EXERCISE OBJECTIVE: Your answer must hold only the lines below from the line containing "Jeep Cherokee photo 29" through the line containing "Sac a dos /", each reproduced exactly.

Short web captions:
------------------------------------------------------------

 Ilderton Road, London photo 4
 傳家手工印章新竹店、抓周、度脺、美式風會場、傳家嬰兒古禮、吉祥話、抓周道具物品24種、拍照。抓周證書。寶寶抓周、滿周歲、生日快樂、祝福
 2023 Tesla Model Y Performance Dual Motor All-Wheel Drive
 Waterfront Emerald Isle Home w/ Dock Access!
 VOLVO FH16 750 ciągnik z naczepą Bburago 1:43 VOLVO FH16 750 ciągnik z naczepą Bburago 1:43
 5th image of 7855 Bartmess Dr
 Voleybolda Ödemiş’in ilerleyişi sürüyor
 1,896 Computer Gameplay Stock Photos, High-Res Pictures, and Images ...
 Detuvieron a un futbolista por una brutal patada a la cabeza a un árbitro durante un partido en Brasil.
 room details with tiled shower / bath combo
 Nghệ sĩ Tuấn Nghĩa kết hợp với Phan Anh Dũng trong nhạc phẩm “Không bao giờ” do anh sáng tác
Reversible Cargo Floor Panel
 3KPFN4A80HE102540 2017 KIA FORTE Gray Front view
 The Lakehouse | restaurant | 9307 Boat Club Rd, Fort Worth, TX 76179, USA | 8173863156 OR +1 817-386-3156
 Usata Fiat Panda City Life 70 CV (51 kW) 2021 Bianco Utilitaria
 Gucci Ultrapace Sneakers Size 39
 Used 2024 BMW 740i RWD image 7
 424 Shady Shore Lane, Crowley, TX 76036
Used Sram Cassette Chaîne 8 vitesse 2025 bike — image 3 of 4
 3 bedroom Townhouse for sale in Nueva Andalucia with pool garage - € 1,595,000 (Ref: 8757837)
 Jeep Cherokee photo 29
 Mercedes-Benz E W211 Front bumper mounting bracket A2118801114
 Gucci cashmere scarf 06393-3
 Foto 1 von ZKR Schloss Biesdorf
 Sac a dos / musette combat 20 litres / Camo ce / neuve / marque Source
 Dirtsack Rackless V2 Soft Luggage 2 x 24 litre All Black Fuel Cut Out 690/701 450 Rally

------------------------------------------------------------

ANSWER SECTION:
 Jeep Cherokee photo 29
 Mercedes-Benz E W211 Front bumper mounting bracket A2118801114
 Gucci cashmere scarf 06393-3
 Foto 1 von ZKR Schloss Biesdorf
 Sac a dos / musette combat 20 litres / Camo ce / neuve / marque Source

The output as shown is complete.